Wednesday, March 21, 2007

Through The Glass

I stared into my glass of bourbon trying to see my future. A future, I hoped, was brighter than my past. A future that didn’t involve pain and heartache. A future that didn’t make me want to jump in front of the subway train every day. A future I wanted to live in.

Staring into my glass, I couldn’t see my future, all I could see was my past. A past I had spent the last few months trying to escape. Running from my mistakes, trying to forget my stupidity. The most important thing in my life walked out the door three months ago. Funny, I hadn’t realized how important she was before today. Before the 90 days before today. Before the day she left. If I had, then maybe I wouldn’t be alone in a bar, staring into a glass of bourbon, trying to find a reason to get up and go on with my life.

I suddenly realized that I had been sitting, motionless for a long time.
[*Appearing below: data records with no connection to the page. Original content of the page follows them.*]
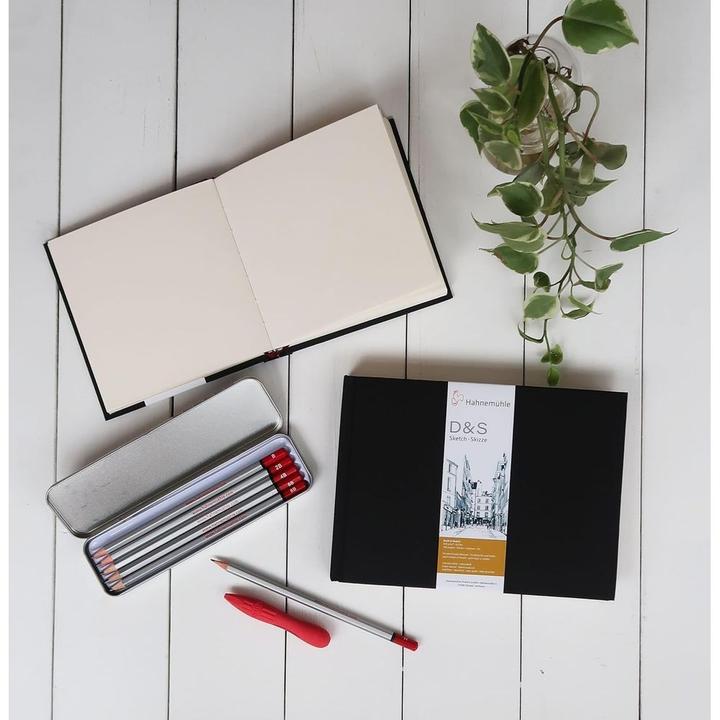 Actual product image Hahnemühle Sketchbook (A4)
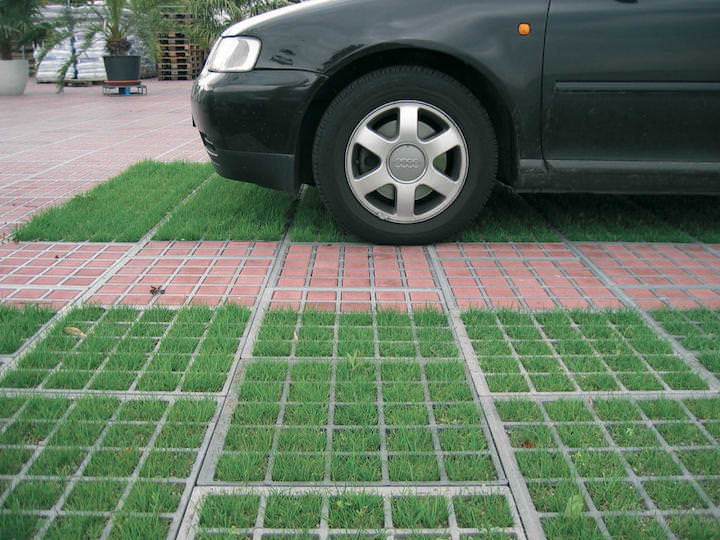 Использование газонной решётки на парковке позволяет ликвидировать переувлажнение территории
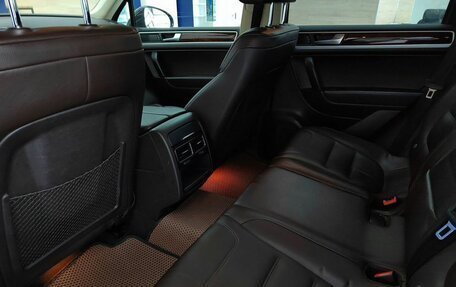 Volkswagen Touareg III, 2011 год, 2 060 000 рублей, 10 фотография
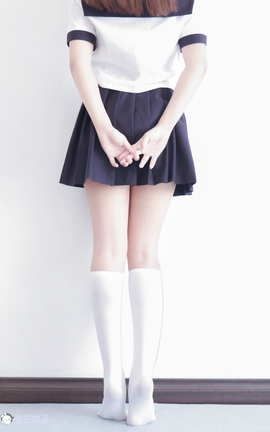 兔玩映画 B72.001 白白白半筒袜_丽丝库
The awkwardness of the moment struck me and I looked around the bar. It wasn’t that crowded and I was sure that most of the people had noticed that I had just been sitting there with a glazed look on my face. I didn’t know these people, so I wasn’t that worried about what they thought of the strange man, sitting at the end of the bar, staring into his glass. Besides, this was the kind of bar where people came to forget their past.

I looked up and caught my reflection in the mirror. My reflection looked back at me with a sad, disapproving look. He wasn’t sad because of what I had lost. He was sad because of what I had become. Sad because he was forced to watch me waste away in self pity. Sad because he knew I was drowning in my past. Sad because he knew that I still had a future full of surprises and happiness that I was refusing to see.

As he stared at me and I stared back at him, for the first time, I realized that my life was not behind me. My life was in front of me. I realized that my future was not tied to my past. And I knew that I wasn’t going to find my future in this glass of bourbon. My future was out there, outside this bar.

I pushed the glass of bourbon away and got up. Threw some money on the bar and walked toward the front door. As I approached the end of the bar, I glanced into to the mirror. My reflection was smiling. The kind of satisfied smile you get when you know a friend has turned a corner. Knowing that, in that moment, their life has forever changed. Nodding my head, I smiled back.